Stored items:

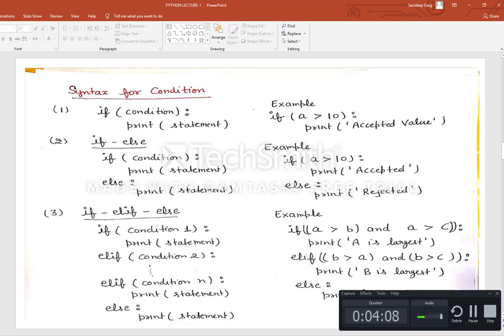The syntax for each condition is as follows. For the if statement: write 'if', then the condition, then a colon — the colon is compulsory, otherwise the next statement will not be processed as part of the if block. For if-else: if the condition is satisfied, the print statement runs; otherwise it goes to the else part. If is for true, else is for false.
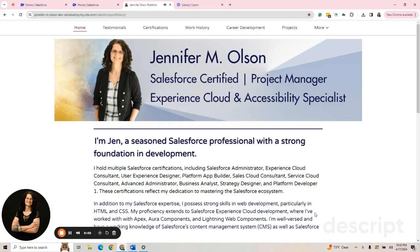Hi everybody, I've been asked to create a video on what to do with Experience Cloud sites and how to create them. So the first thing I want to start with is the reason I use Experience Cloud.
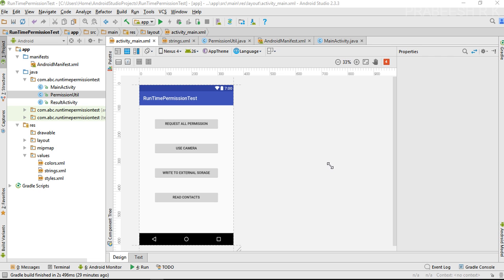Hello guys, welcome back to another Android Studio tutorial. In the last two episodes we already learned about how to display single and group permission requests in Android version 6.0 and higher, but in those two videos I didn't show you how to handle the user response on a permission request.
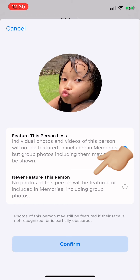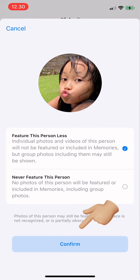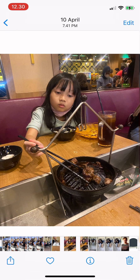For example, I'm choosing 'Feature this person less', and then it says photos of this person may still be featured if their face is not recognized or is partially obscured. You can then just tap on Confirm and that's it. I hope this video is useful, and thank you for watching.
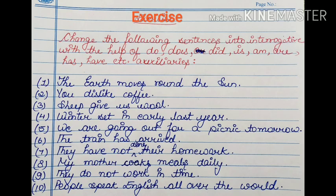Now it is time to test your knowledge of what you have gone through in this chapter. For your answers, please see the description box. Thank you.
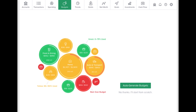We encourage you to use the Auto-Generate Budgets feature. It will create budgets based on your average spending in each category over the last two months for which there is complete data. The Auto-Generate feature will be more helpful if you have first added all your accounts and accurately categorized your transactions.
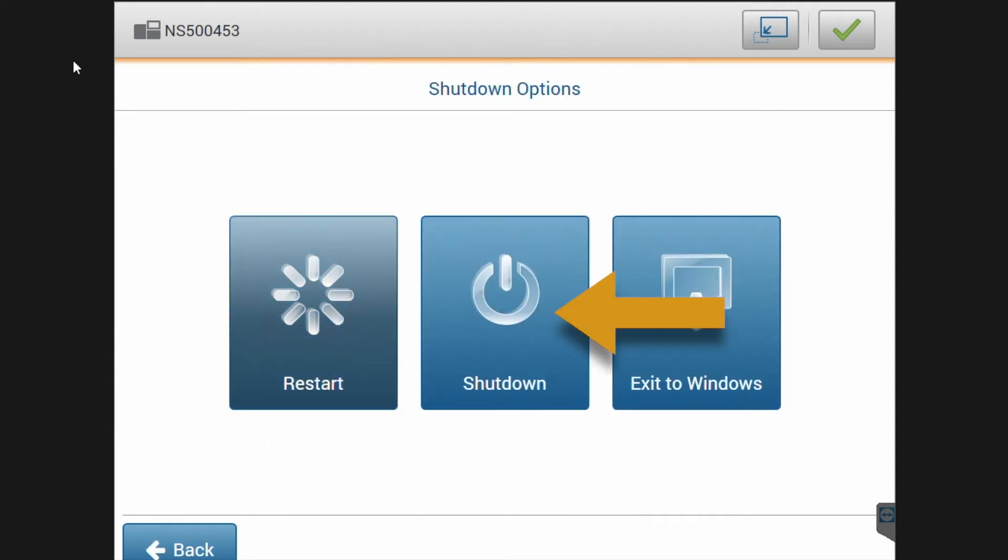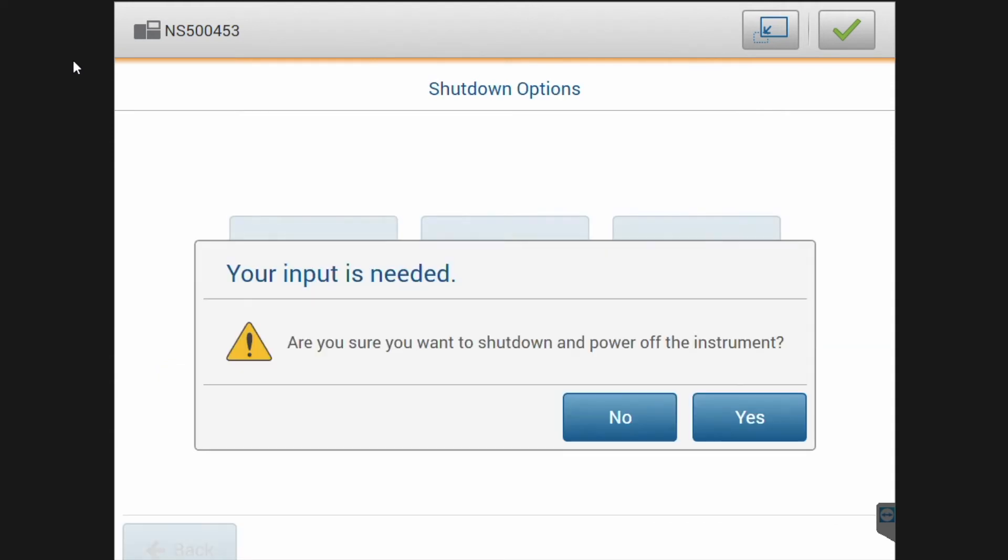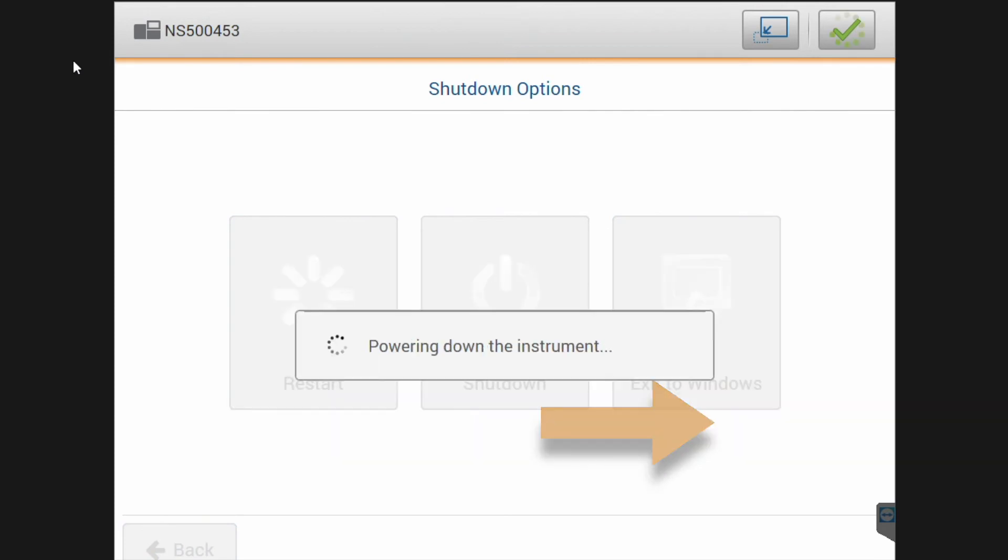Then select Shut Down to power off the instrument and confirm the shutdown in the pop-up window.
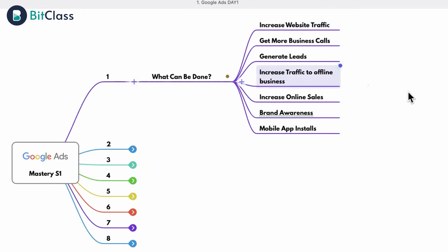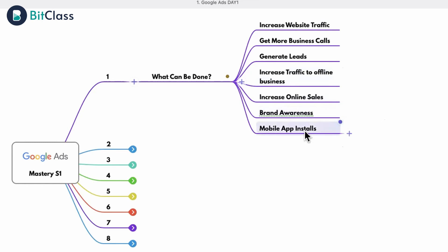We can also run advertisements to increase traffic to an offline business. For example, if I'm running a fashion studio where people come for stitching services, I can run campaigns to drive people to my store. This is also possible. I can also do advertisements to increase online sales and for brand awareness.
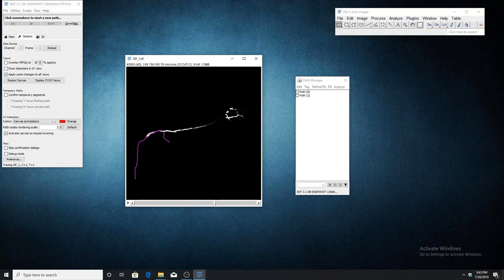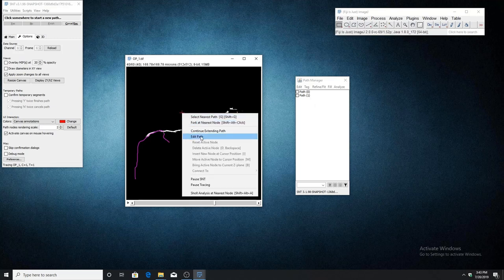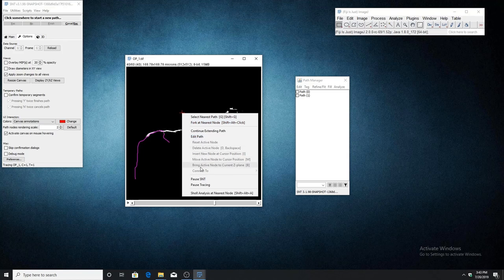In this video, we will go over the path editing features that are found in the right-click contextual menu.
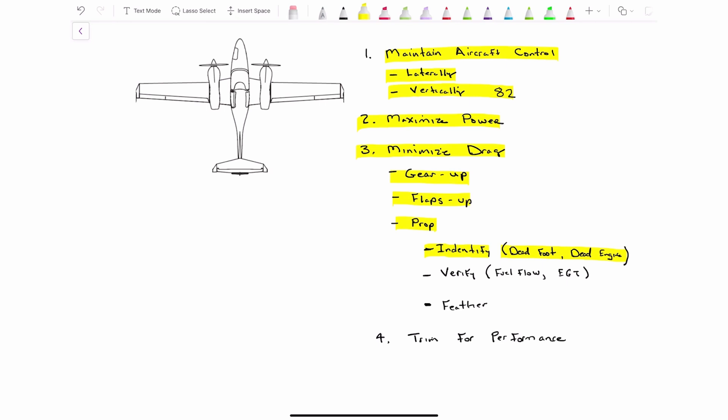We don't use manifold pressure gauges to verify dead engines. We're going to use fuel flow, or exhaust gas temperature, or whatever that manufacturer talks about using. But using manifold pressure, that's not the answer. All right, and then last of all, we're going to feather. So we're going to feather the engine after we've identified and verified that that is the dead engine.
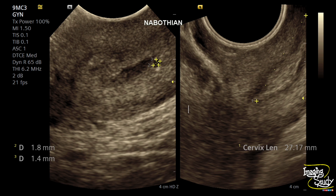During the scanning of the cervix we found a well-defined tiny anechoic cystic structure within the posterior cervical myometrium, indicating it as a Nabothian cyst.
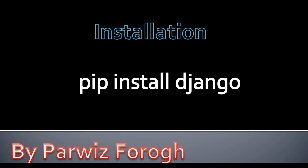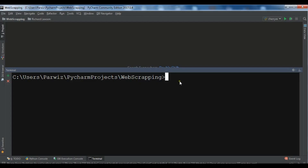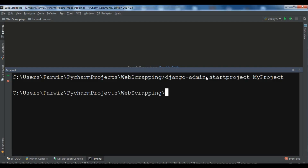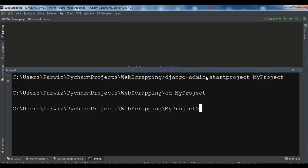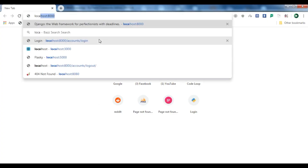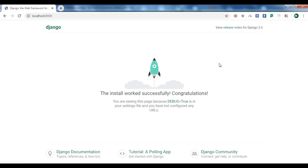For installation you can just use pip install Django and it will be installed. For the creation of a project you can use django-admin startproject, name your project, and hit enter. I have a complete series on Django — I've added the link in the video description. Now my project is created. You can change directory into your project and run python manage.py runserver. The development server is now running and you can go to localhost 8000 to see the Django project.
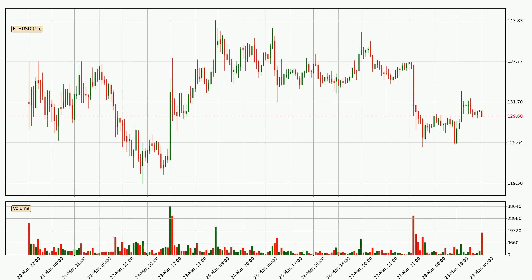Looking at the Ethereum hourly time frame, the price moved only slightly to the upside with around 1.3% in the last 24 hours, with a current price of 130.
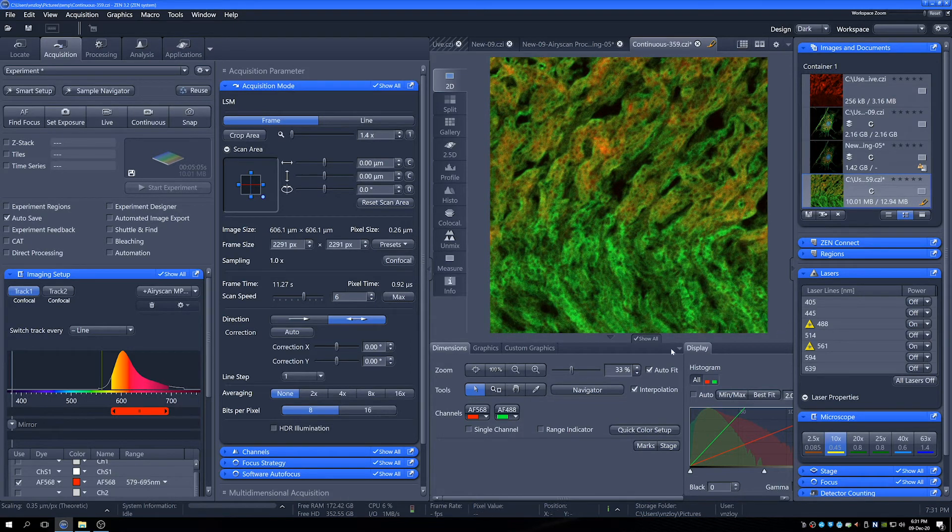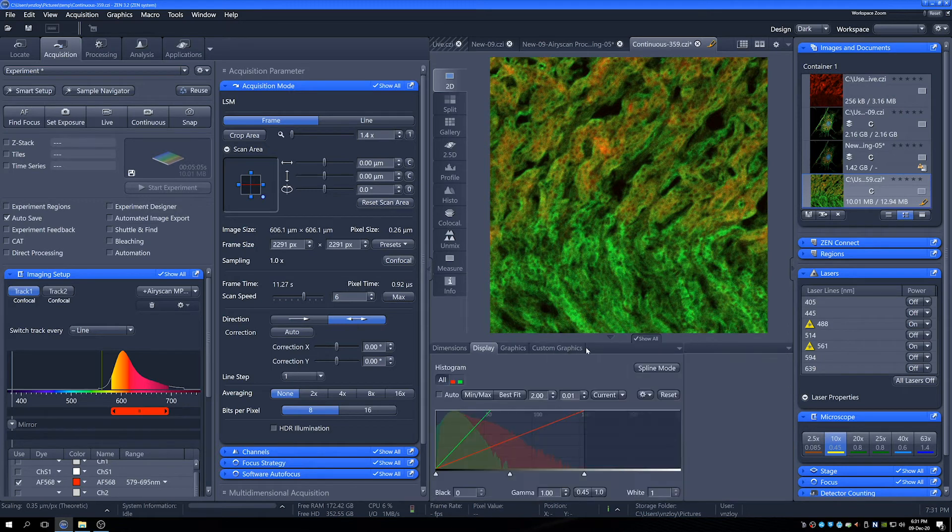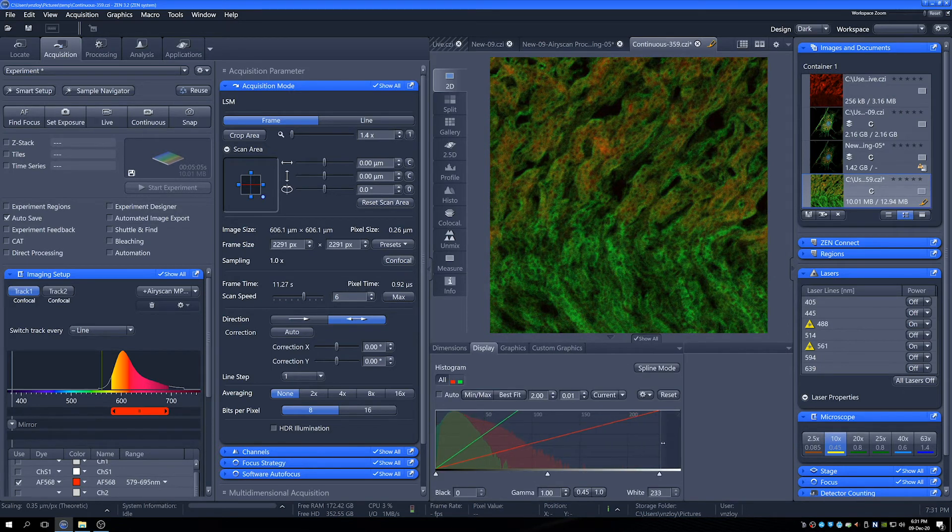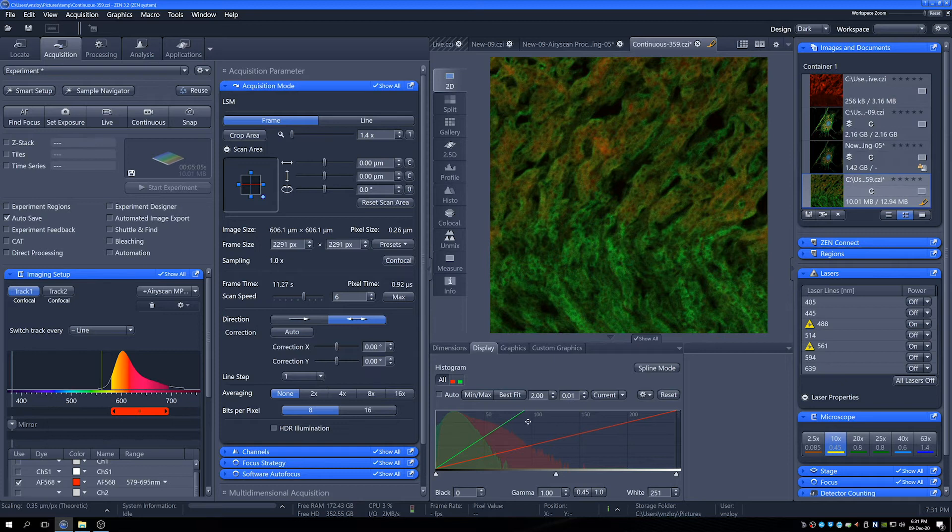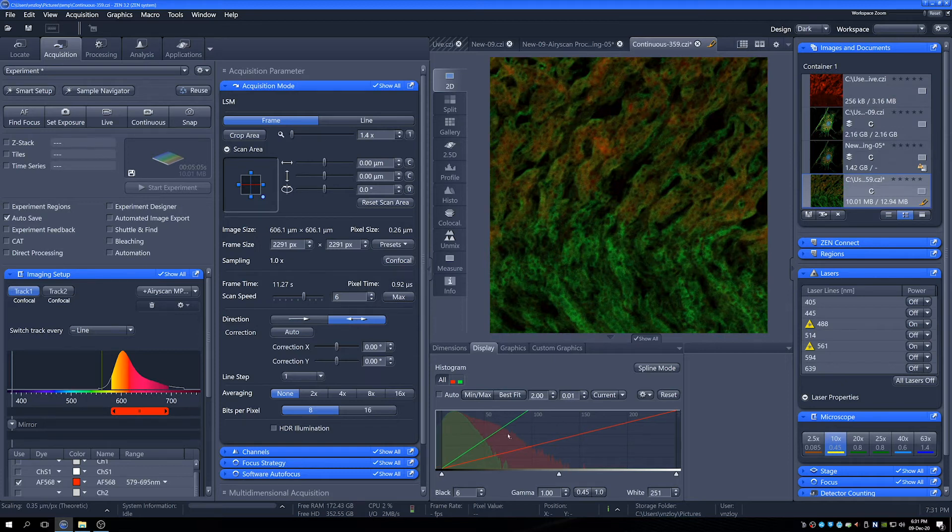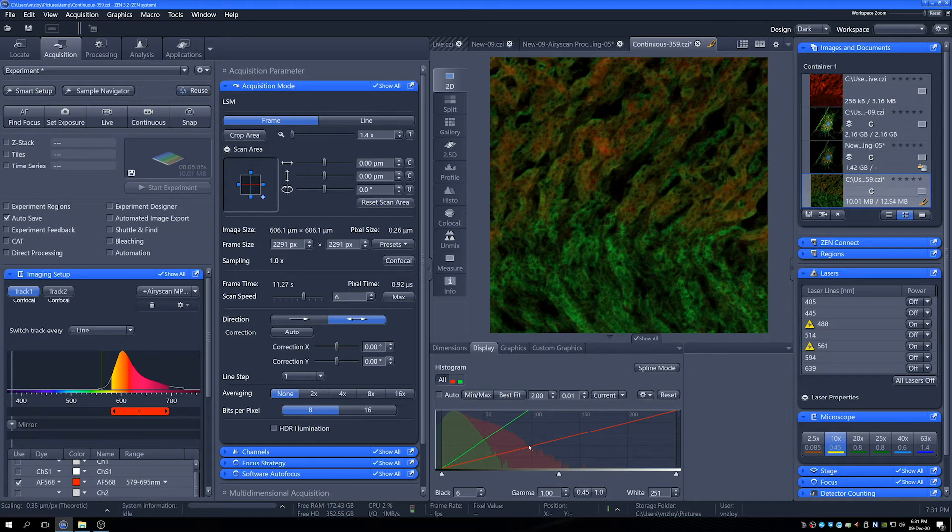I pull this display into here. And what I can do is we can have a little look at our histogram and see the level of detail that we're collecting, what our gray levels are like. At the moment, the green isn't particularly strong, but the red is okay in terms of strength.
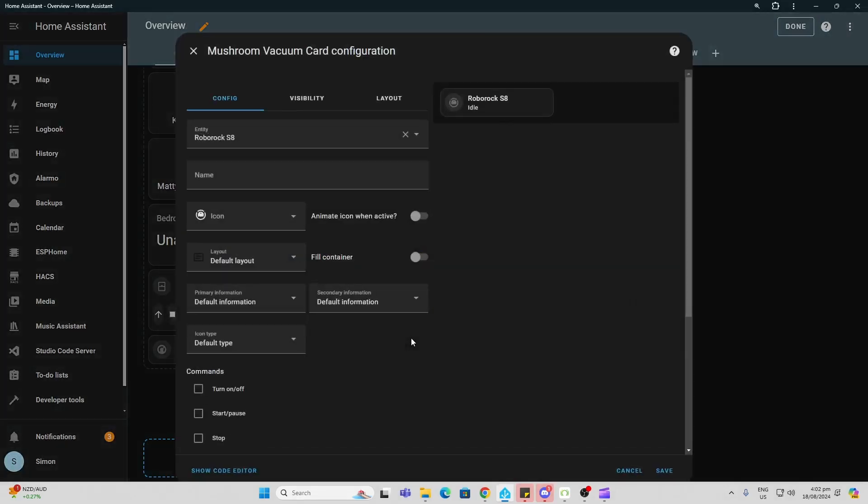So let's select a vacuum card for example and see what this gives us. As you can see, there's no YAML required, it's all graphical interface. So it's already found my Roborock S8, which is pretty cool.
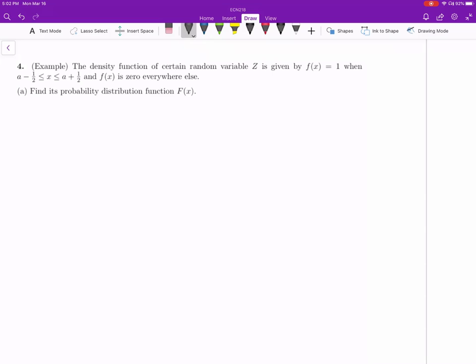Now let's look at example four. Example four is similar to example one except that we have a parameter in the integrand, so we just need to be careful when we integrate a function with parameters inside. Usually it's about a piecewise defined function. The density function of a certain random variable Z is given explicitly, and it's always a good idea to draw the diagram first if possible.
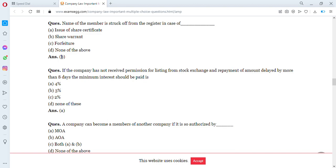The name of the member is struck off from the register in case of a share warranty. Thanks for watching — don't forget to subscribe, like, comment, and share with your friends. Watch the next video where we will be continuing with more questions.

§ Work task
Transcribe the entries above exactly, from their first line through the line with "Hello guys, welcome", and omit all pictures.

§ Your response
The syntax for each condition is as follows. For the if statement: write 'if', then the condition, then a colon — the colon is compulsory, otherwise the next statement will not be processed as part of the if block. For if-else: if the condition is satisfied, the print statement runs; otherwise it goes to the else part. If is for true, else is for false.
Hi everybody, I've been asked to create a video on what to do with Experience Cloud sites and how to create them. So the first thing I want to start with is the reason I use Experience Cloud.
Hello guys, welcome back to another Android Studio tutorial. In the last two episodes we already learned about how to display single and group permission requests in Android version 6.0 and higher, but in those two videos I didn't show you how to handle the user response on a permission request.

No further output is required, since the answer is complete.